EXERCISE.
Show each line from the listing that includes the word "legged".

DATA FOR REVIEW.
=-=-=
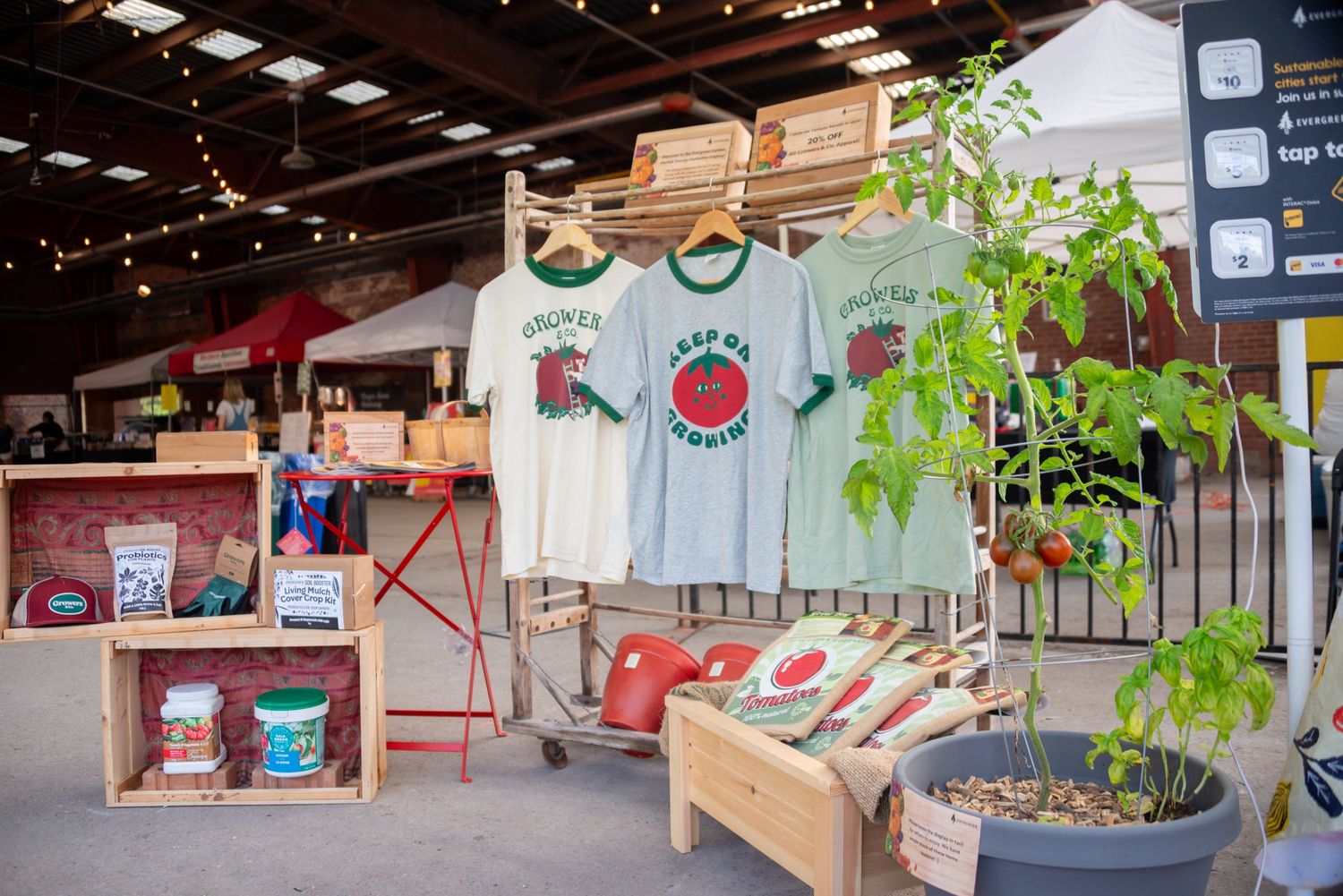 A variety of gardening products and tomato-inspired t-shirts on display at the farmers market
=-=-=
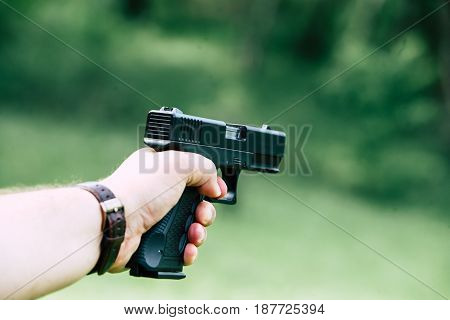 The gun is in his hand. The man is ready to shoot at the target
=-=-=
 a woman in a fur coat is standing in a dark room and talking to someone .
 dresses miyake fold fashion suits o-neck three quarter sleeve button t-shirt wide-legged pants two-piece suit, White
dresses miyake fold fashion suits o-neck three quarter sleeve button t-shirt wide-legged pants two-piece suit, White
=-=-=
RESPONSE.
 dresses miyake fold fashion suits o-neck three quarter sleeve button t-shirt wide-legged pants two-piece suit, White
dresses miyake fold fashion suits o-neck three quarter sleeve button t-shirt wide-legged pants two-piece suit, White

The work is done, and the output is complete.